Knighthood - RPG Knights
- Évaluation
- 4,6
- Téléchargements
- 5.00M
- Classification du contenu
- PEGI 12
Knighthood - RPG Knights - Captures d'écran
Avantages
- Combats au tour par tour faciles à prendre en main.
- Direction artistique colorée et animations de qualité.
- Nombreux équipements pour personnaliser et renforcer son chevalier.
- Campagne solo riche en missions et en affrontements variés.
- Événements réguliers offrant du contenu supplémentaire aux joueurs.
Inconvénients
- Progression parfois ralentie par des temps d’attente et des ressources limitées.
- Achats intégrés pouvant accélérer fortement l’amélioration des personnages.
- Connexion Internet nécessaire pour profiter pleinement du jeu.
- Certaines missions deviennent répétitives après plusieurs heures.
- La consommation de batterie peut être élevée lors des longues sessions.
Knighthood - RPG Knights - Description
- Nom de l'application
- Knighthood - RPG Knights
- Nom du package
- com.king.knightsrage
- Développeur
- RPG Raid Roleplaying Games
- Catégorie
- Jeux de rôles
- Dernière mise à jour
- 26 févr. 2020
- Version
- 2.7.0
J’ai passé du temps dans Knighthood - RPG Knights, un jeu de rôles fantastique qui propose de vivre comme un chevalier médiéval.

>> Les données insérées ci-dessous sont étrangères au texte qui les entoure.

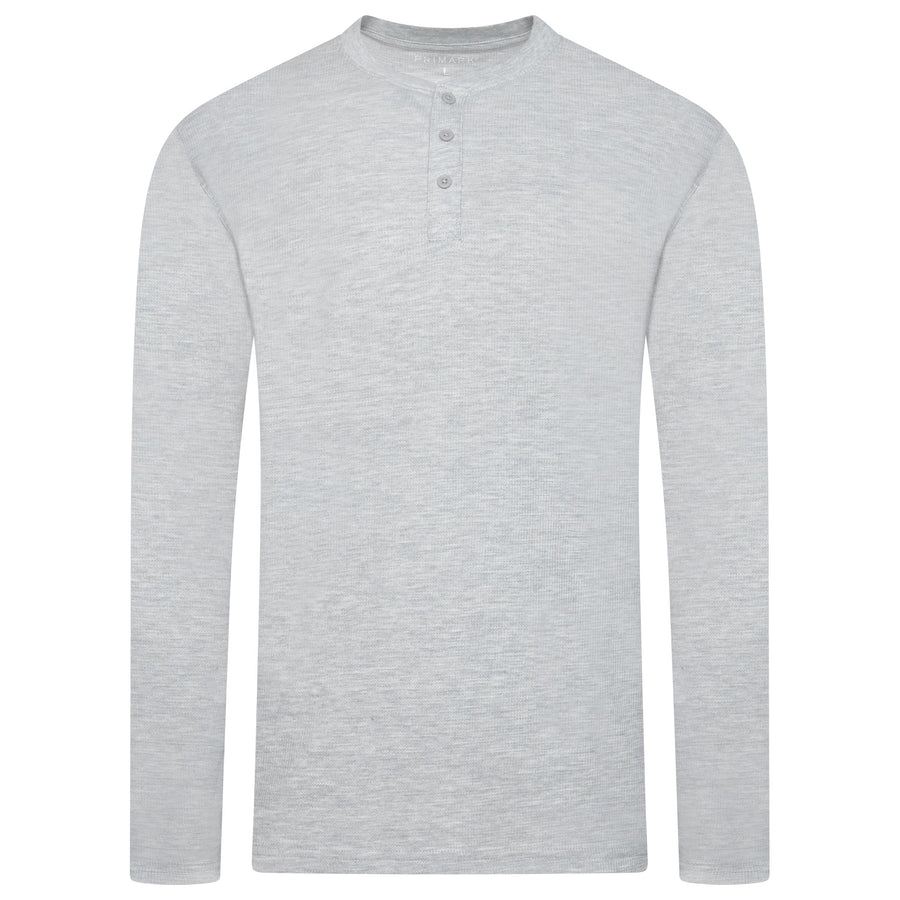Henley Waffle Knit Long Sleeve Top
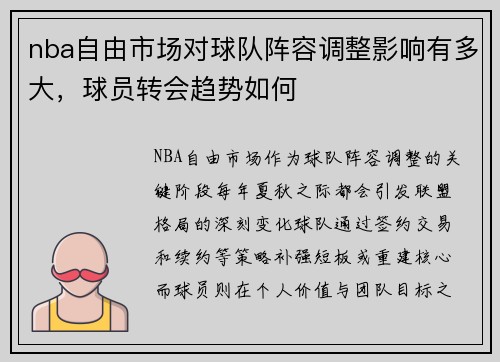 nba自由市场对球队阵容调整影响有多大，球员转会趋势如何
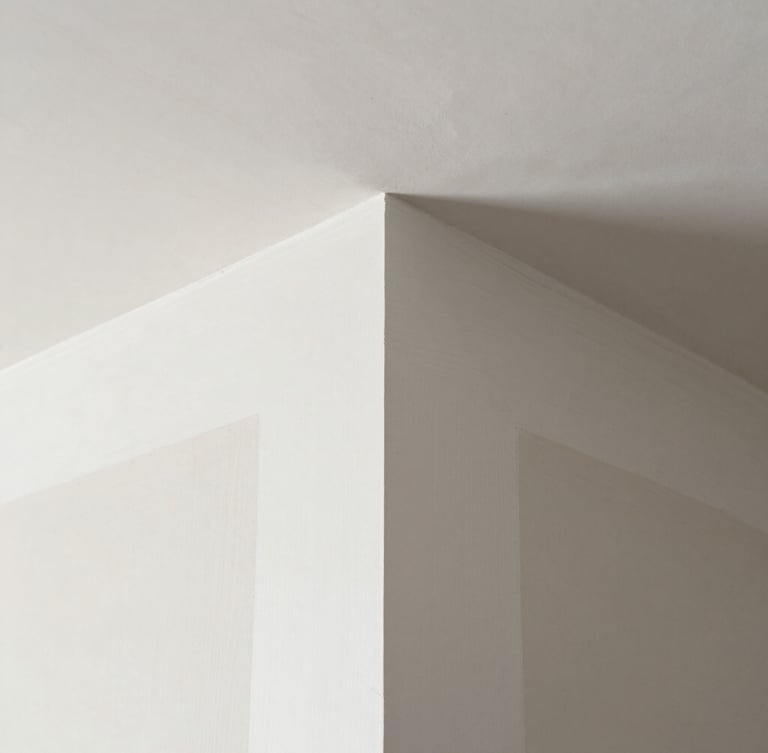 Warm natural light raking across a perfectly smooth, finished Level 5 plaster wall in a modern Seattle home, highlighting crisp corners and flawless texture.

Son idée de départ est immédiatement claire : on avance dans un univers de fantasy, on affronte des ennemis et l’on cherche à rendre son personnage plus efficace au fil des parties. Ce n’est pas un simple jeu d’action rapide, ni un RPG complexe réservé aux passionnés de statistiques. Je le vois plutôt comme une expérience mobile accessible, pensée pour celles et ceux qui aiment améliorer un héros et revenir régulièrement poursuivre leur progression.

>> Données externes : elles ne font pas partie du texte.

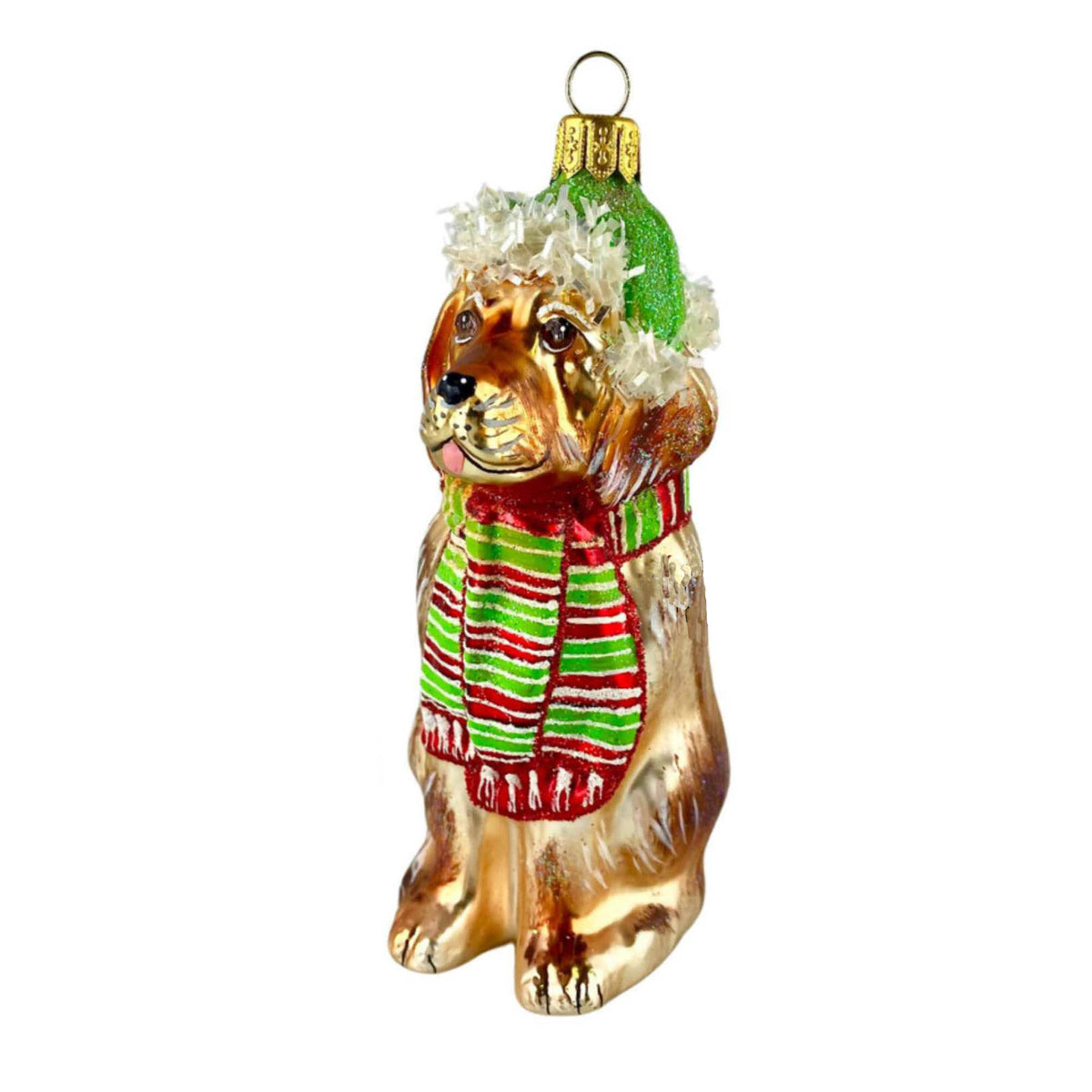 (63917) Pre-Order The Ornament King Winter Pooch Rd/Gr Scarf, 5.50 Inch, Dog Winter Scarf Hat Ornament 48021 Rd/Gr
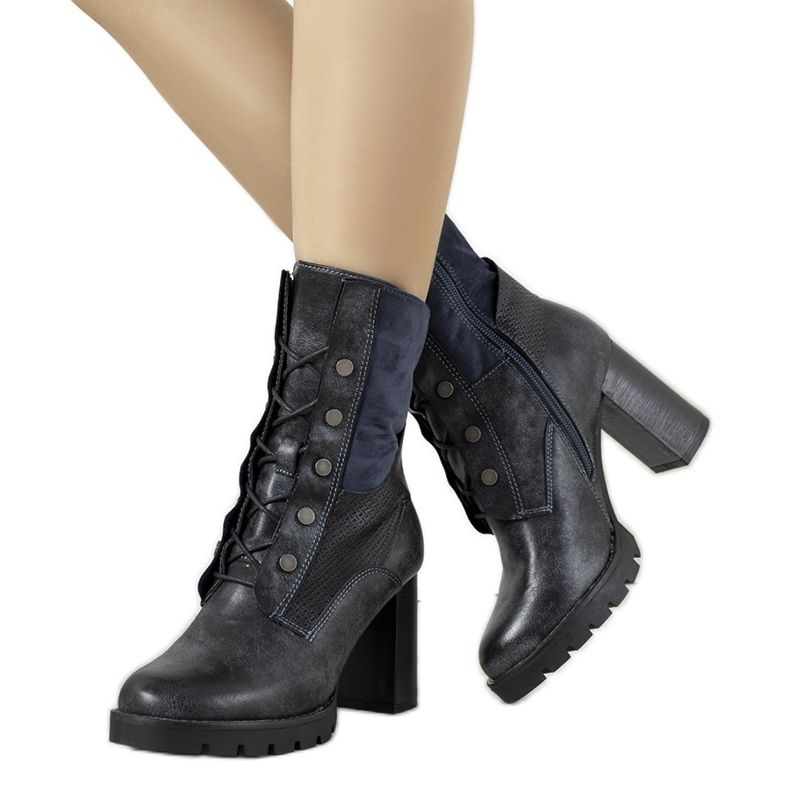 Tmavě modré kotníkové boty na sloupku Alvarado béžový námořnická modrá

Le jeu est développé par RPG Raid Roleplaying Games et se présente comme une aventure gratuite à télécharger. Il a reçu une moyenne de 4,6 sur les magasins d’applications, avec environ 168 000 évaluations et plus de cinq millions d’installations. Ces chiffres ne remplacent pas une expérience personnelle, mais ils montrent que le titre a trouvé un public important. Après l’avoir essayé, je comprends assez bien pourquoi : son ambiance de chevalerie est facile à saisir, ses combats donnent envie de progresser et ses parties se prêtent bien à une utilisation par petites sessions.
Une aventure de chevalier facile à prendre en main, mais pas sans choix
La première qualité de Knighthood - RPG Knights est son accessibilité. Je n’ai pas eu besoin de passer longtemps dans des menus compliqués avant de comprendre ce que le jeu attendait de moi. On incarne un chevalier et l’on avance dans une aventure où l’équipement, les affrontements et l’évolution du personnage occupent une place centrale. Le cadre médiéval fantastique donne une identité au titre sans demander au joueur de connaître un univers déjà existant.

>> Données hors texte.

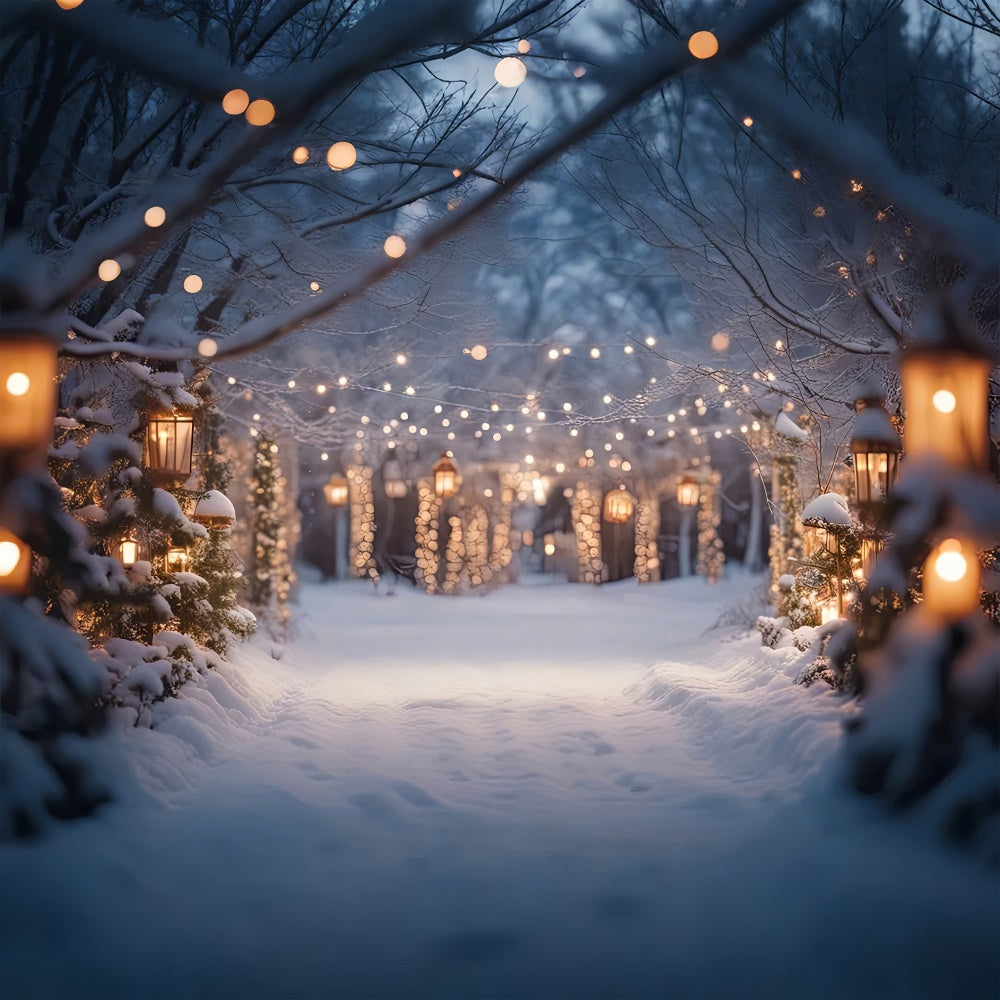 Toile de fond de Route Neigeuse avec Arbres de Noël Lumineux RR7-822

Cette simplicité est utile sur téléphone. Je peux lancer une partie sans devoir me rappeler une longue liste de commandes ou de règles. Les premières étapes servent naturellement de mise en route : elles expliquent le rythme des combats, la logique de progression et l’intérêt de renforcer son personnage. Pour quelqu’un qui découvre les RPG mobiles, c’est une entrée en matière plus confortable qu’un jeu qui affiche immédiatement des dizaines de systèmes à gérer.
Le revers, c’est que les joueurs qui recherchent une aventure très libre risquent de se sentir limités. Knighthood n’est pas le meilleur choix si votre priorité est d’explorer un monde ouvert à votre façon, de créer une histoire entièrement personnelle ou de passer des heures à modifier chaque détail d’un personnage. Ici, l’expérience repose davantage sur la boucle du combat et de l’amélioration que sur une liberté totale.
J’ai aussi apprécié le fait que le thème du chevalier ne soit pas seulement décoratif. L’équipement et la préparation donnent le sentiment de construire progressivement un combattant. Chaque amélioration prend davantage de sens lorsqu’elle répond à un problème rencontré dans les affrontements. Je conseille donc de ne pas dépenser immédiatement toutes les ressources disponibles : il vaut mieux observer ce qui vous bloque, puis renforcer en priorité ce qui répond à cette difficulté.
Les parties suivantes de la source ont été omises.